Oscar prognostication is a harmless (and useless) activity that folks who love movies toss at anyone who will listen. I don't know the movie business well enough to really handicap any of the pictures that made the cut this year, but I know that "best" is such a loaded term that it is almost meaningless as a label for quality or importance.
"Big" does not necessarily equal "best," neither do "edgy," "uncompromising," "artful," "sincere" and "truthful." I would attach at least one of those words to each of the nominated pictures. Which is the best? HTFSIK? But here are my thoughts, FWIW.
"The Irishman" was huge, Scorsese's homage to Scorsese, and he's already been celebrated for directing a mob picture.
"Once Upon a Time ... in Hollywood" was Tarantino playing in the same auteur's revisionist sandbox he played in with "Inglourious Basterds."
Haynes' "Joker" pulled no punches and Joaquin Phoenix was his usual uncannily committed self. He's protean and fascinating in a picture that puts a disturbing, painted face on gun violence. Maybe too sympathetic?
Gerwig's "Little Women" was a thoroughgoing, beautifully composed empowerment statement using familiar material. Though lovely, no surprises.
Mangold's "Ford v Ferrari" featured some thrilling racing sequences but lacked a firm emotional center. Waititi's "Jojo Rabbit" had tons of heart but satirizing Nazism has been done before and it didn't win then either.

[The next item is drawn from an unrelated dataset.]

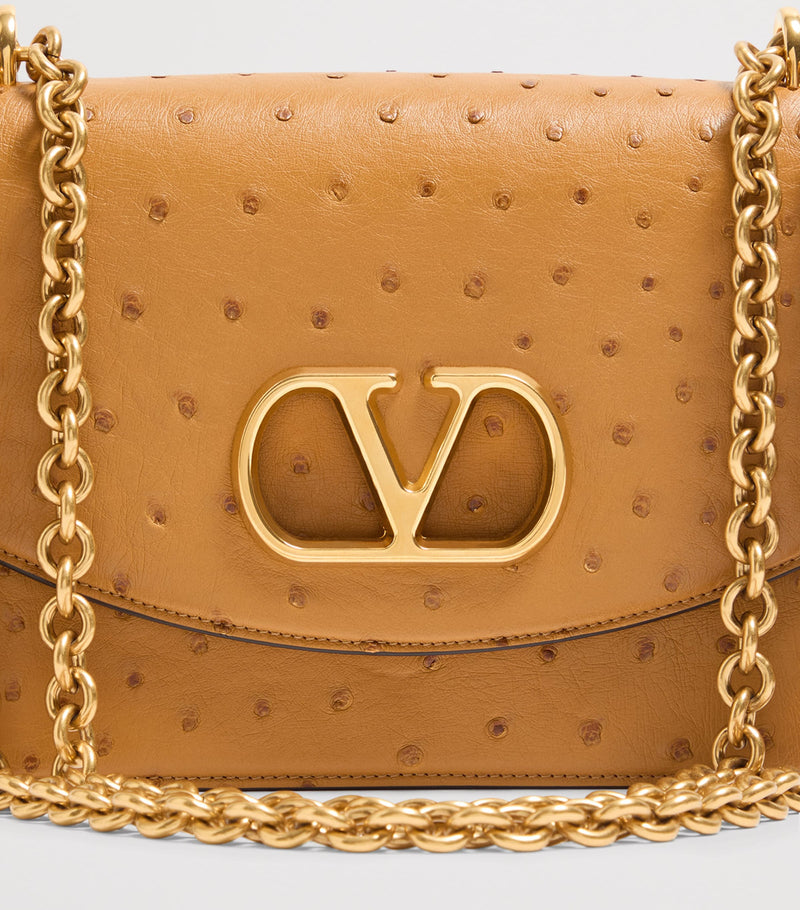 Valentino Garavani Vain shoulder bag ostrich leather - British product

Baumbach's "Marriage Story" is so raw and abrasive in its honesty that audiences likely felt battered by the scheming and vitriol.
This leaves Mendes' phenomenal cinematographic achievement "1917" and Bong Joon-ho's savage opera buffa of class warfare "Parasite."
If Academy voters pick "Parasite" as Best Foreign Picture, the big winner will likely be “1917."